Increased understanding of cell fate determination through epigenetic reprogramming means that it is timely to study in detail how cancer cells achieve these switching processes. Advanced sequencing technologies are also now available to interrogate single cells and clonal populations. Blocking or exploiting such switching processes could inhibit the recurrence of cancer and eliminate resistant cells after successful primary treatment.

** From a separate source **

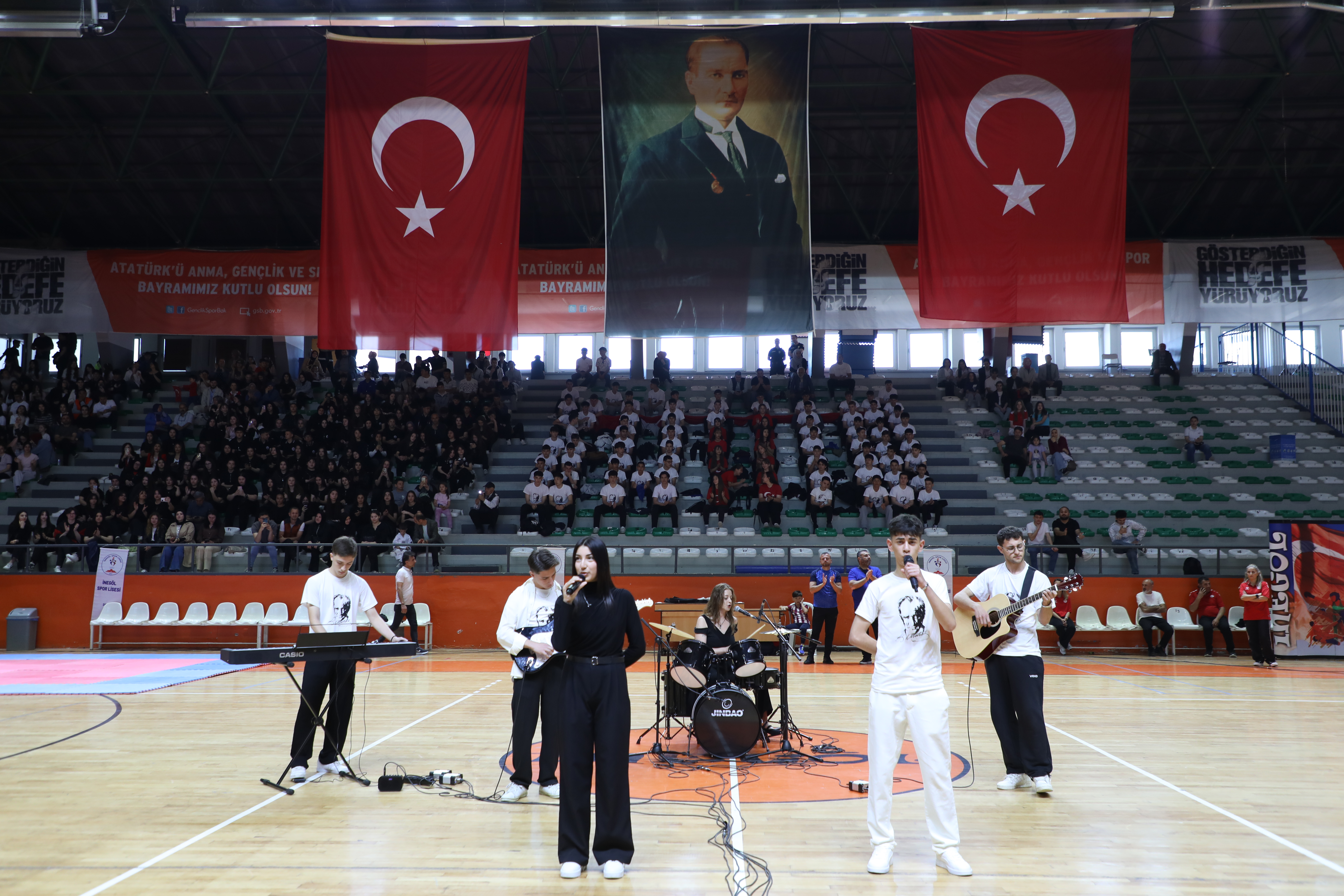 İnegöl’de 19 Mayıs kutlamaları düzenlendi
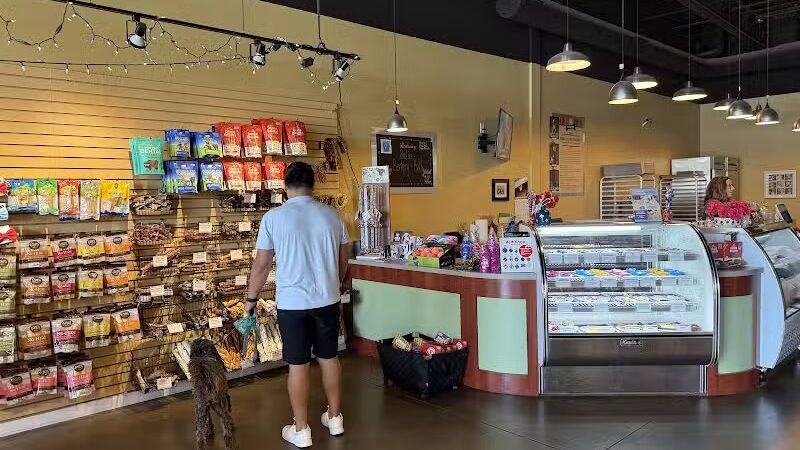 Three Dog Bakery Overland Park - Overland Park, KS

Barriers and opportunities
Cancer initiation, invasiveness and metastases likely involve profound alterations in the epigenetic state of cells during clonal evolution. Furthermore, many cancers progress or recur despite an initial response to treatment. The progressing or recurring cancer is then often more resistant to therapeutic intervention. The basis of these phenomena result, in part, from the plasticity of cancer cells which allows them to adopt new cellular programmes. Understanding of how epigenetic diversity arises and how distinct epigenetic states functionally influence cancer evolution and drug resistance would allow the development of novel approaches to inhibit or exploit plasticity for improved treatment.
There is a need to understand how cancer cells adopt different states including the epigenetic and transcriptomic mechanisms involved and the role of the tumour microenvironment (e.g., mechanical stresses, immune system) in influencing plasticity.
This challenge calls for bold new approaches to understand cell plasticity, which might include:
- Single cell analysis of phenotypic variants of clonal cancers to understand the transcriptional and epigenetic changes associated with plasticity
- Investigating the role of cytogenetic alterations and genome duplication
- Examining the potential role for cell fusion in plasticity
- Development of biomarkers that allow the determination of plasticity in tumour material
Vision and Impact
This challenge seeks to expand our knowledge of the developmental switching programmes of cancer cells, how they contribute to cancer progression and what mechanisms, epigenetic or otherwise, govern them. Potentially regulating these programmes could improve the effectiveness of current therapies or offer new non-toxic alternatives, for example differentiation therapies leading to novel combination regimens.
This challenge will require an interdisciplinary team which could include pathologists, molecular biologists, cell biologists, computational modellers, evolutionary biologists, mathematicians, and pharmacologists.
By addressing this challenge new insights into these complex processes will be gleaned, potentially leading to improved patient survival.